### Your objective
Only the lines below from the one containing "Etui pour 3246-3 modele triple" through the one containing "Dasadanan - Chapter 21.2 - Trang 13" belong in the answer, repeated exactly and without pictures.

### Information provided
※ ※ ※
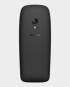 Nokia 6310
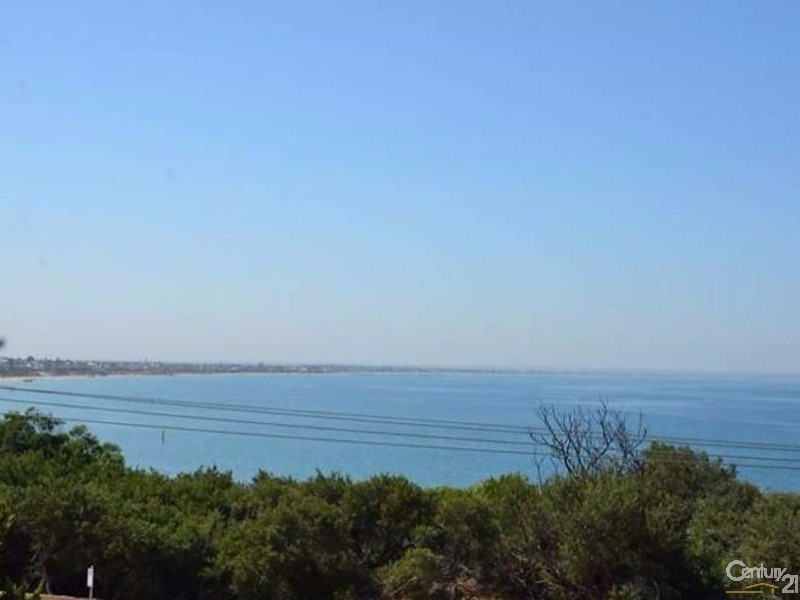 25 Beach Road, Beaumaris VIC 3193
※ ※ ※
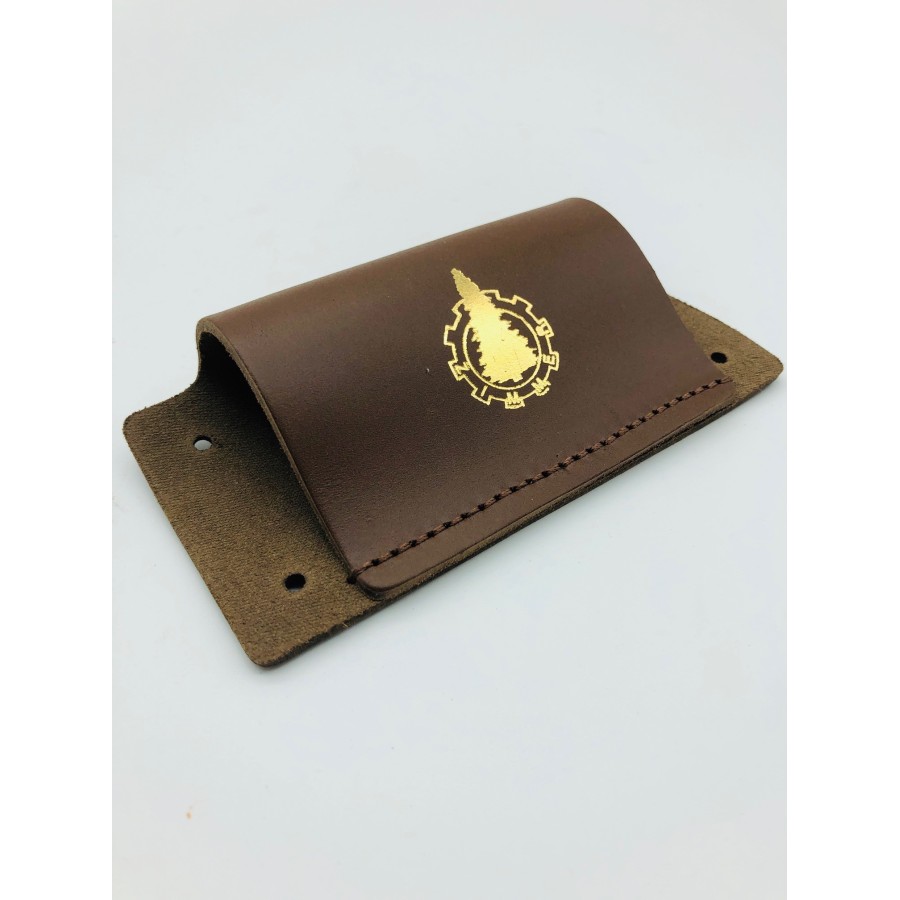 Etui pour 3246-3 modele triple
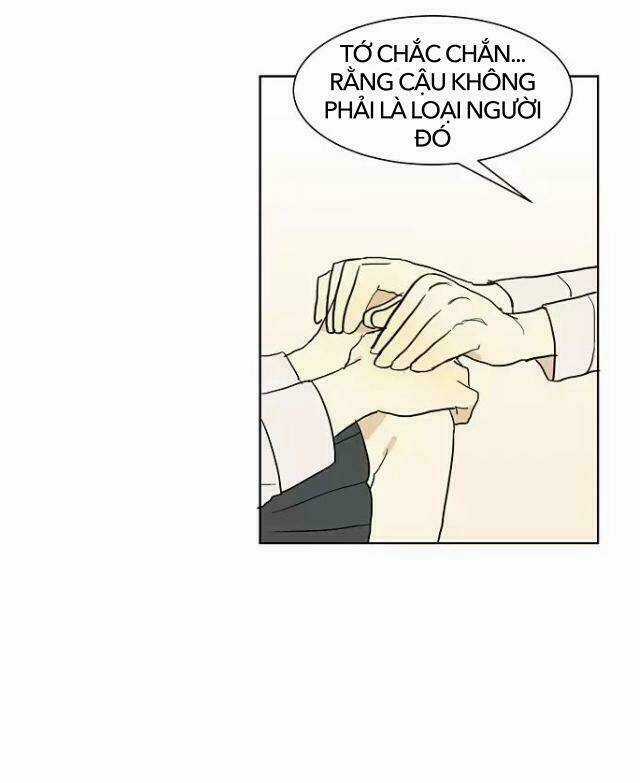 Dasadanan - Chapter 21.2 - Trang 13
※ ※ ※
### The answer
 Etui pour 3246-3 modele triple
 Dasadanan - Chapter 21.2 - Trang 13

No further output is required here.